Courtesy of the British Antarctic Survey
This week's guardedly encouraging study on the state of the world's fisheries, which The Christian Science Monitor covered yesterday, is in many ways a milestone. It acknowledges the problem with overfishing, but also highlights current budding success stories, and the tools fisheries managers used to write them. And it represents a consensus among leading scientists who in the past have been at loggerheads over the health of the world's fisheries.
You can find a summary of the study at the journal Science's website. The full pdf is available by subscription.

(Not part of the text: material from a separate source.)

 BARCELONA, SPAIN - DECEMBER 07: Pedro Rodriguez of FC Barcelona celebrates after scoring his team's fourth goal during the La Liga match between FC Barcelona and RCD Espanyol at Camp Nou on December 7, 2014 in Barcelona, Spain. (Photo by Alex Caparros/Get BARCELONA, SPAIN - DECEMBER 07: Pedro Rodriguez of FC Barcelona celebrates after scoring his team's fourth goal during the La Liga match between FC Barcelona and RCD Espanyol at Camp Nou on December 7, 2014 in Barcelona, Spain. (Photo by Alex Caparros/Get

But buried deep in comments members of the research team made during a press briefing on the study, University of Washington fisheries scientist Ray Hilborn added a strong caution that had nothing to do with nets, fishing fleets, or no-take zones.

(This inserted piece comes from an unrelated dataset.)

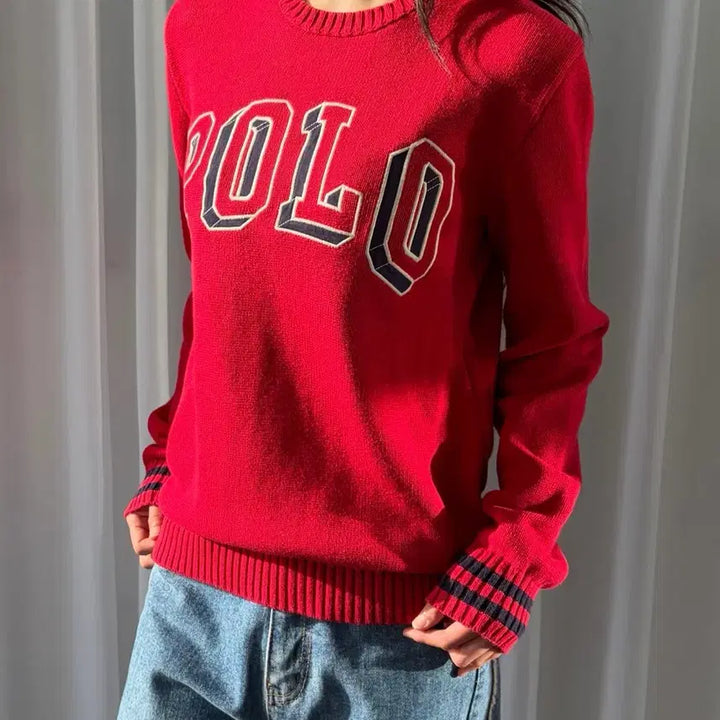 [BUNJANG] Polo Ralph Lauren Spellout Cotton Knit Sweater / [M]폴로 랄프로렌 스펠아웃 코튼 니트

"All bets are off with climate change, particularly ocean acidification," said Dr. Hilborn, one of the study's two lead authors.

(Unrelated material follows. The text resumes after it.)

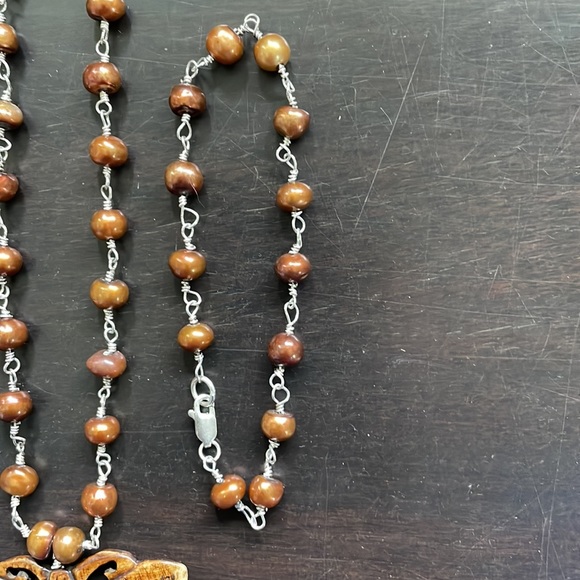 Handmade wire wrapped freshwater pearl necklace - Picture 5 of 5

"People still haven't really understood the potential impacts of ocean acidification," Dr. Goldburg said during a phone chat.
And therein lies the rub. The progress humanity makes against the against loss of (fill in your favorite ecosystem here) depends at least as much on weaning ourselves from carbon-based fuel sources as it does setting aside linked reserves, controlling chemical pollution and protecting or restoring habitat, or implementing any number of other important measures to protect ecosystems.